複雜的函式結構Equation

引入: 自定義

 

結構Equation 是用來描述一個「函式」，該函式可以包含一個變數，並且做簡單的數值代入運算、求極近似根(尚不成熟)、微積分，有些情況下，可以使用二分法求解。

 

為什麼叫Equation 是因為Function 被用來定義程式語言的函式方法，Func 則是Visual Basic 內建的Lambda 方程式，而不是寫手我一點英文或數學基礎都沒有。

 

為了讀懂這個Equation 的結構，我們必須知道幾個特別的函式。首先，SeemToBeEqual 是一個非常沒必要的東西，她是用來讓電腦認為"1 * 10 ^ (-100)" 跟"2 * 10 ^ (-100)" 等值，因為差距太小忽略不計。

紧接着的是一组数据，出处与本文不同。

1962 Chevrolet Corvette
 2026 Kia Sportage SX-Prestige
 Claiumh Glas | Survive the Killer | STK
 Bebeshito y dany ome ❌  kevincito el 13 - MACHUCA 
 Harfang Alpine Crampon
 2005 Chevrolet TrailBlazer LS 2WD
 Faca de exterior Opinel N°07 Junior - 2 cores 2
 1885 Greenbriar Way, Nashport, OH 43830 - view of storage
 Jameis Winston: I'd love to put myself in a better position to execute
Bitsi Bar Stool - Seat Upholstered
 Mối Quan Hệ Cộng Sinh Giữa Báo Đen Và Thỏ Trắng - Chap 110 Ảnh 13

]Function SeemToBeEqual(ByVal Input As Array, Optional ByVal Precise As Integer = 15) As Boolean

]If (Input Is Nothing) Then

]Return False

]End If

]For i1 As Integer = LBound(Input) To UBound(Input) Step 1

]If (((Input(i1) - Input(i1 + 1)) ^ 2) ^ (1 / 2) <= 10 ^ (-Precise)) Then

]Return False

]End If

]Next

]Return True

]End Function

 

接著是SafeExponent，用來預防零的次方指數為負數狀況。參數是SafeExponent(底數, 指數)。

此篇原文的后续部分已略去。